Alexander_nikulin Anti Exploration by Random Network Distillation 2023

[TOC]

Summary of paper

despite the success of Random Network Distillation (RND) in various domains, it was shown as not discriminative enough to be used as an uncertainty estimator for penalizing out-of-distribution actions in offline reinforcement learning
- ?? wait, why we want to penalizing out-of-distribution actions?

With a naive choice of conditioning for the RND prior, it becomes infeasible for the actor to effectively minimize the anti-exploration bonus and discriminativity is not an issue.
We show that this limitation can be avoided with conditioning based on Feature-wise Linear Modulation (FiLM), resulting in a simple and efficient ensemble-free algorithm based on Soft Actor-Critic.

why we want uncertainty-based penalization

the use of ensembles for uncertainty-based penalization has proven to be one of the most effective approaches for offline RL.

what is ensemble-based algorithm

what is offline reinforcement learning

In offline reinforcement learning, a policy must be learned from a fixed dataset D collected under a different policy or mixture of policies, without any environment interaction.
this setting poses unique fundamental challenges, since the learning policy is unable to explore and has to deal with distributional shift and extrapolation errors for actions not represented in the training dataset.

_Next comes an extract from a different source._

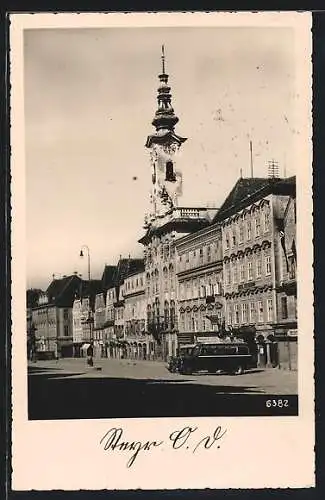 AK Steyr /O.-Ö., Strassenpartie mit Geschäften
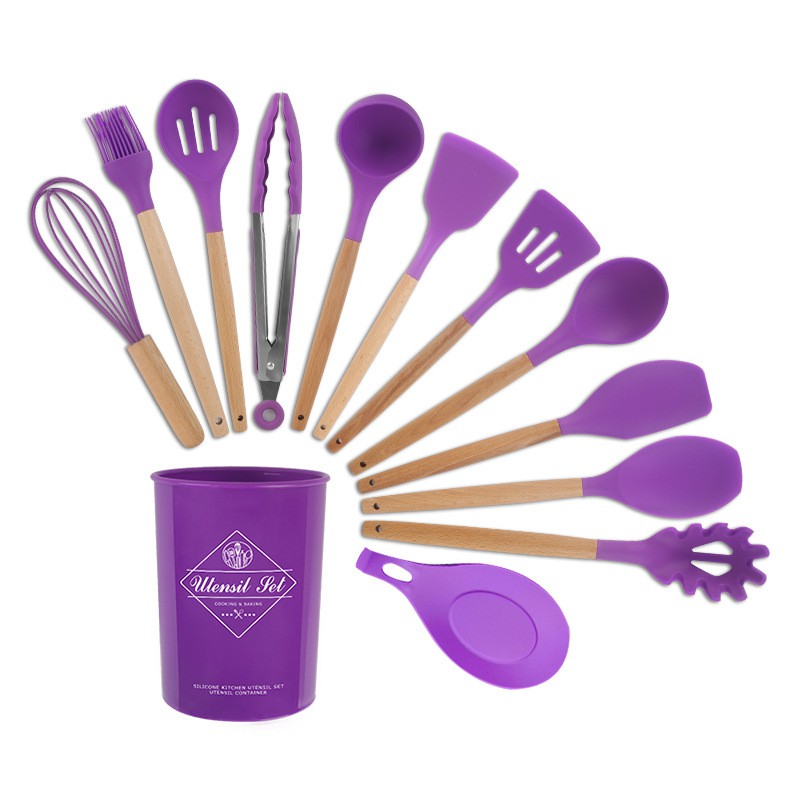 Spatula utensil 1 set 12item kayu dan silikon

Offline RL and Anti-Exploration

There are numerous approaches for Offline RL, a substantial part of which constrain the learned policy to stay within the support of the training dataset, thus reducing or avoiding extrapolation errors.
for our work, it is essential to understand how such a constraint can be framed as anti-exploration.
Similarly to online RL, where novelty bonuses are used as additive intrinsic rewards for effective exploration, in offline RL, novelty bonuses can induce conservatism, reducing the reward in unseen state-action pairs. Hence the name anti-exploration, since the same approaches from exploration can be used, but a bonus is subtracted from the extrinsic reward instead of being added to it.